I was thinking about this the other day. This is the first time in my entire life I've lived alone. Ever. And when S10 is with me I have to be mum, dad and play mate all at the same time. True story. Yesterday I was painting the livingroom, ironing clothes for the coming week while preparing the evening meal AND packing lunch. And while relaxing later on I have my computer on organising bills. So yea, I can do it.
As for the Ex W we've been in touch quite a bit lately over the selling of the old place. The new owner is trying to take advantage. I don't try to seek her out at all and when she communicates with me it's obvious she's trying to friend zone me.
For me I'm doing way better now. I still think about my sitch but I can put it at the back of my mind much easier now. I do look forward to the future. In fact I was looking up cookery classes just before lunch. This will be my new year goal as I really can't cook and I'm starting to think of summer holidays for S10 and myself. Last time I discussed my sitch was when I was with a friend and HE was the one that brought it up. Not me.
I also get the impression my ML isn't happy with what's been happening. It's too vague for me to describe but if you knew her you would know what I mean.

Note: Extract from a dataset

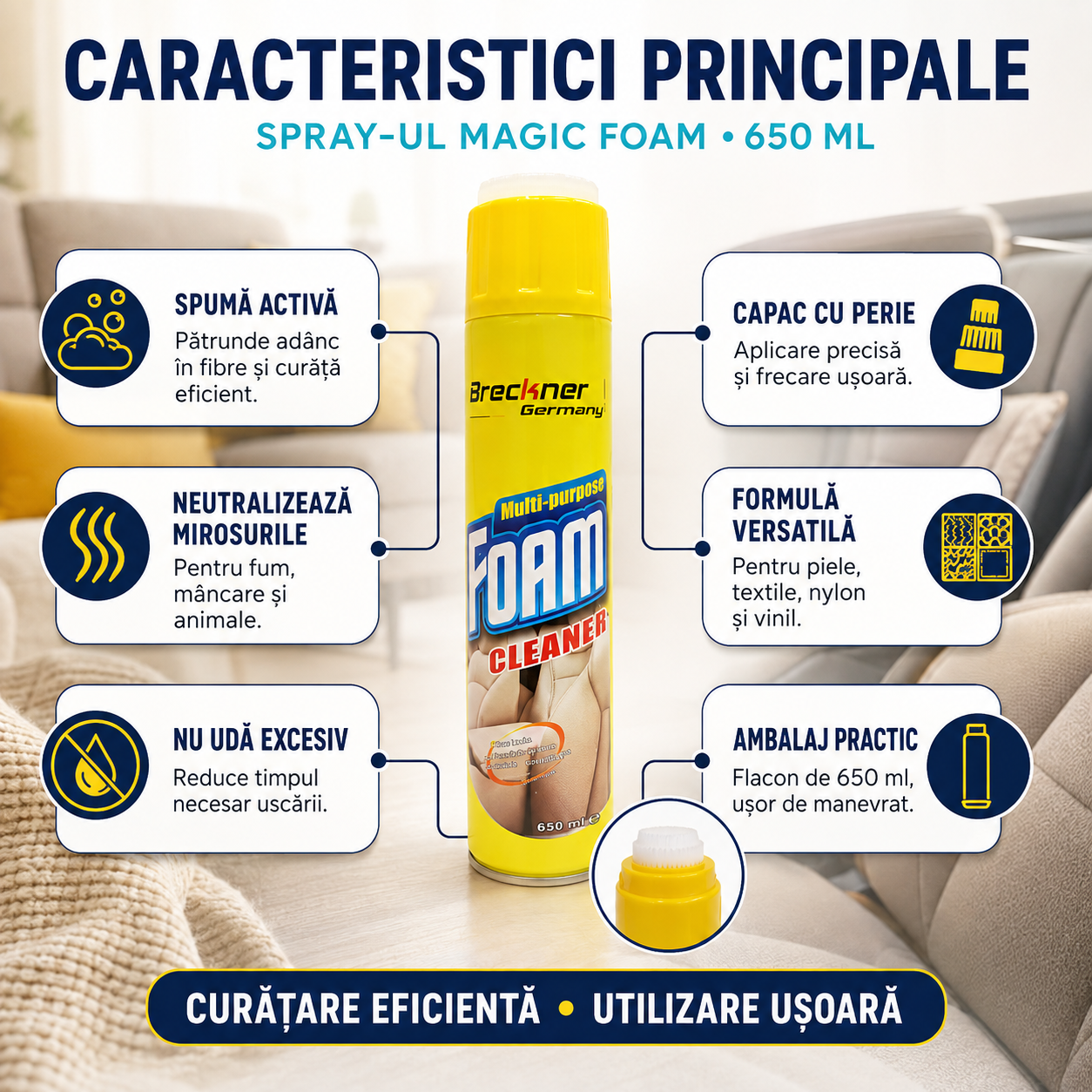Spuma de curatare MAGIC FOAM  pentru casa si masina 650ml
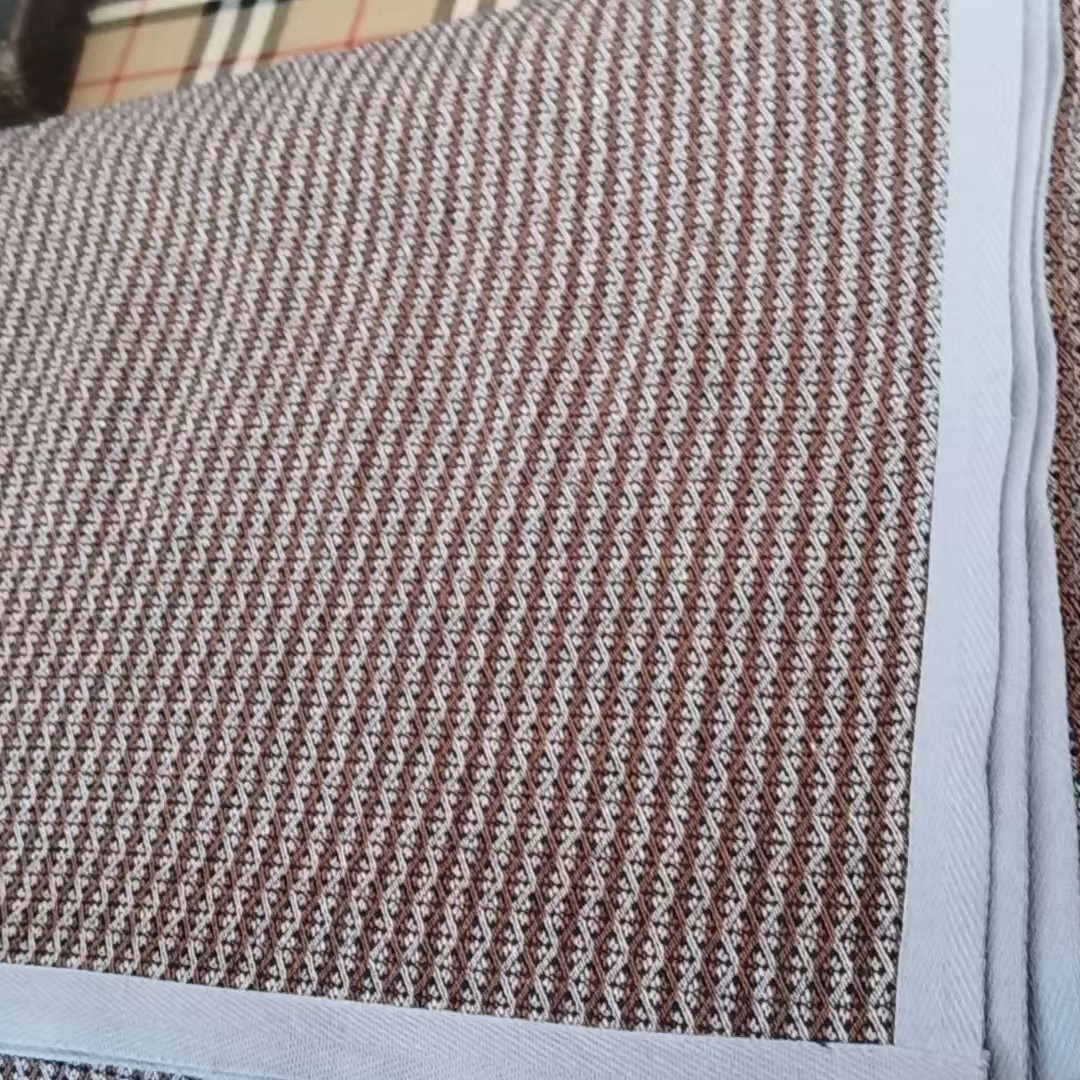 野生柞蚕丝拼接款卧室床单简约60姆米2.米宽2.2长条纹透气家用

Also, when I'm on my own at home it's actually good. I can eat what I want. Watch what I want on TV or not. Sleep when I want or go for a pint after work if I feel like it. It's liberating in a lot of ways as my Ex W was very controlling but in such a subtle way you didn't know it was happening. But it was.
So things are great. I feel fantastic and I have all my responsibilities under control. I'm really looking forward to the new year. New year and new start.
Me:43 Her:42 M:14 S:9 EA started 2014/03 (or there abouts) PA started 2014/05/30 BD:2014/11/05 I left 2015/10/01 I returned 2015/05/02 She left 2015/06/10 OM still on the go.